Fertilizer pollution causes something called nutrient overload in the waters where Indian River County residents and tourists boat, fish, swim and delight in wildlife such as dolphins and manatees. Instead of feeding lawns, the nitrogen and phosphorous feed the growth of algae that consumes oxygen and makes lagoon water murky and slimy, cutting off sunlight to sea grass and starting a domino effect of ecological degradation.
Researchers found deformed oysters and other evidence of ecological decay between the bridges and the cities of Vero Beach, Sebastian and Indian River Shores passed ordinances regulating fertilizer use.
Led by Commissioner Bob Solari, the county commission refused to act.
“As far as I am concerned, the best way to deal with fertilizer pollution is to use education,” Solari said in February. “Our storm water department has done a lot. They put out a newsletter and a commercial and do public events.”
The commission subsequently fired the county stormwater education coordinator, the person who put on the educational events Solari referred to, and eliminated her position as a budget-cutting measure.
Vero Beach Mayor Pilar Turner has said the lagoon contributes $800 million annually to the county economy, and according to St. John’s River Water Management District the estuary provides a $3.7-billion annual economic benefit along its 150-mile length. Sport and commercial fishing, tourism and property values in The Moorings, Johns Island, Windsor and other communities along the waterway are dependent on a healthy lagoon.
But commissioners decided the $60,000 annual cost of a stormwater education staff member to help protect that resource was not a good investment of taxpayer money.
“The commissioners talk the talk, but when it comes to really protecting the Lagoon – which is a much larger local and regional economic engine than Piper or Dodgertown or other projects they have spent millions of taxpayer dollars on – they don’t walk the walk,” said Vero Beach environmental consultant David Cox, Ph.D. when the education position was eliminated.
Now the commission is sending out a pamphlet experts say is faulty to fill the gap, but it may be too little, too late.
Since commissioners began to talk about the value of education as an environmental aid, during the period they refused to take action in the form of an ordinance and fired the stormwater education coordinator, sea grass has disappeared from the lagoon north of the 17th Street Bridge to beyond the county’s northern border.
Since sea grass is the foundation of the lagoon’s ecology, the loss threatens birdlife, bottlenose dolphins, manatees and green sea turtles, which mature in the estuary’s sheltered waters before braving the Atlantic.
Most resident game fish are already gone, according to lagoon scientists and longtime fishermen.

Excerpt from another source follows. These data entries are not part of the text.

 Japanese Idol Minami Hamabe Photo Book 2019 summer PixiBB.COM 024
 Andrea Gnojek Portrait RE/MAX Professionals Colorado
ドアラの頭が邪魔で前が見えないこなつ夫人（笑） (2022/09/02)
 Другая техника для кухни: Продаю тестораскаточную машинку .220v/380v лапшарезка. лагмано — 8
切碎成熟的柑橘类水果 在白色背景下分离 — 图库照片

“We caught an abundance of fish last year in that area. You can’t catch a single fish there now, other than some migratory species like ladyfish and jack that are passing through,” says fishing guide Captain Paul Dritenbas, operator of Reel Life Charters, who has fished the lagoon for 55 years.

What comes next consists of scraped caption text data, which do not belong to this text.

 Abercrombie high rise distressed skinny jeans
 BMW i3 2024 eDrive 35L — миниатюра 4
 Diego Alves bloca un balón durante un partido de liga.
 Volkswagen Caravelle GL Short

“This is a crisis,” says Grant Gilmore, Ph.D., senior scientist with Estuarine, Coastal and Ocean Science, Inc. “Everyone should be concerned.”
A massive effort is underway by area scientists and government agencies to determine the cause of the sea grass devastation. It seems unlikely fertilizer pollution is the only culprit – but the chemical runoff is not helping the situation and the county’s pamphlet is ill-designed to stop the suffocating flow of nutrients.
“The pamphlet the commissioners intend to distribute, produced by Scotts, Ohio Federation of Soil and Water Conservation Districts and the National Association of Conservation Districts, is general information for lawn care and does not appear specific to a region or state or include some very important guidelines,” says Falls.
“The Lagoon is dying and this commission refuses to address residential run off by passing a strong fertilizer ordinance,” says Baker. “Instead the sea grasses and the fishing industry are gone from most of the county’s lagoon.”